NASA to launch space observatory that will map 450M galaxies
133 comments
·March 8, 2025dylan604
niwtsol
To answer three of your questions:
- It is passively cooled rather than using an expendable coolant- "SPHEREx relies on an entirely passive cooling system — no electricity or coolants are used, simplifying the spacecraft’s design and operational needs."
- It is a Medium-Class Explorers (MIDEX) mission - Investigations characterized by definition, development, mission operations, and data analysis costs not to exceed $180 to $200 million total cost to NASA. I think the cost of ground support eats into the budget length. The original estimate for project was $241M, so it was a large MIDEX
- It is in a Polar orbit around Earth at the day-night (terminator) line
https://www.jpl.nasa.gov/press-kits/spherex/
https://explorers.gsfc.nasa.gov/missions.html
https://spaceflightnow.com/2019/02/14/nasa-selects-mission-t...
pklausler
Possibly stupid question: how does this polar orbit stay over the terminator? And how is the terminator defined for a polar orbit here, since both the north and south poles are on the terminator only at the equinoxes?
sbierwagen
>how does this polar orbit stay over the terminator?
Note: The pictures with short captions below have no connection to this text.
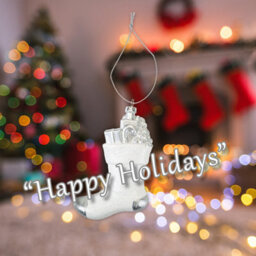 Christmas Tree Decoration Silver White Stocking Ornament X - thumbnail 4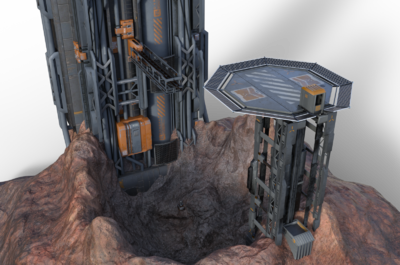 塔吊 停机坪 外星基地 外星 殖民星球 金属城市 飞船入口 科幻 未来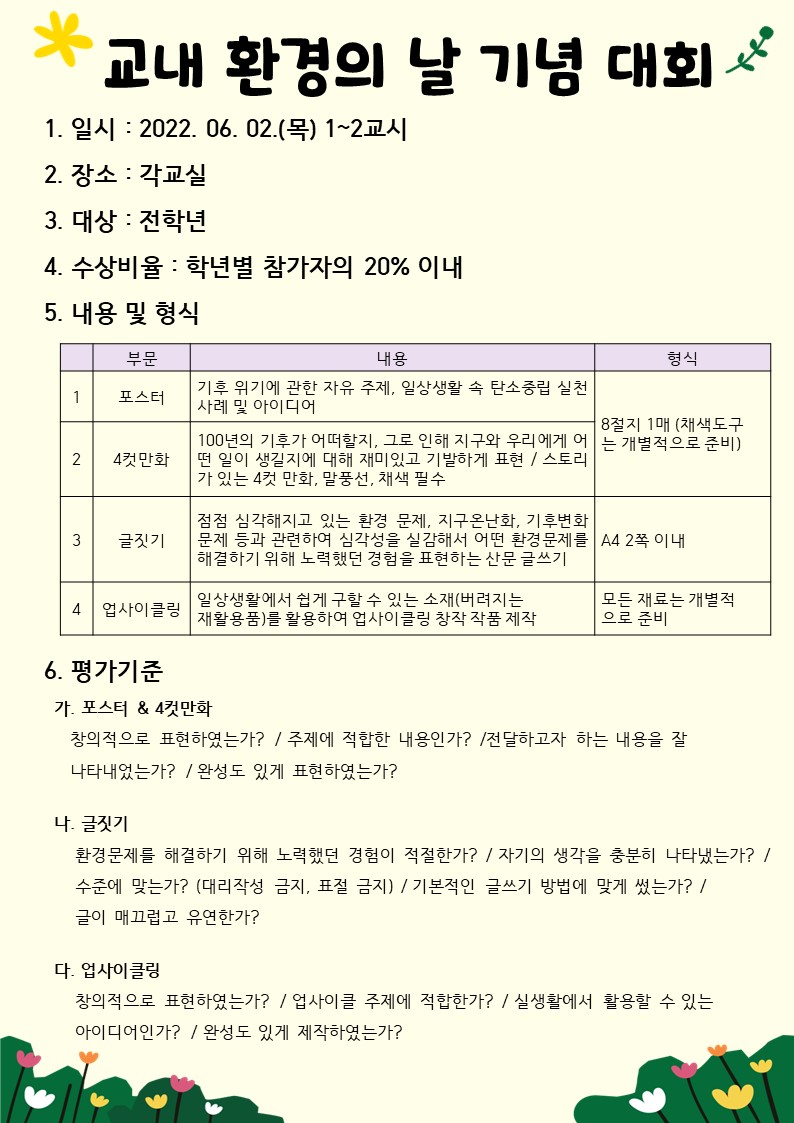 (교내) 환경의 날 기념 대회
Because it's launched at a angle greater than a straight north-south 90 degree orbit, so orbital precession will correctly follow the terminator. Depending on the orbital altitude this can be more than 140 degrees: https://en.wikipedia.org/wiki/Sun-synchronous_orbit
dylan604
ah, I misread the Orbital Parameters on the wiki. that day-night orbit is also a LEO which makes it even more possible to do a manned mission for upgrades. Oh, wait, we no longer have a shuttle for those types of missions.
mturmon
Remember, it is passively cooled (a major design plus and, I assume, part of why it was able to achieve the cost it did). So there would be no need for a manned mission. And in fact, at that cost, it wouldn’t make sense anyway.
nine_k
Even a Dragon could bring enough hardware and a crew for a small upgrade or repair (to say nothing of the upcoming Starship).
mturmon
A nearby (excellent) comment (https://news.ycombinator.com/item?id=43338459) gives further context, but: the 6-month revisit period is just an artifact of the Earth-orbit-based sky scanning strategy. In 6 months the satellite, precessing at 1 degree/day, and facing away from the sun during data collection, will scan the sky completely. (See Fig 1 of the paper [0]).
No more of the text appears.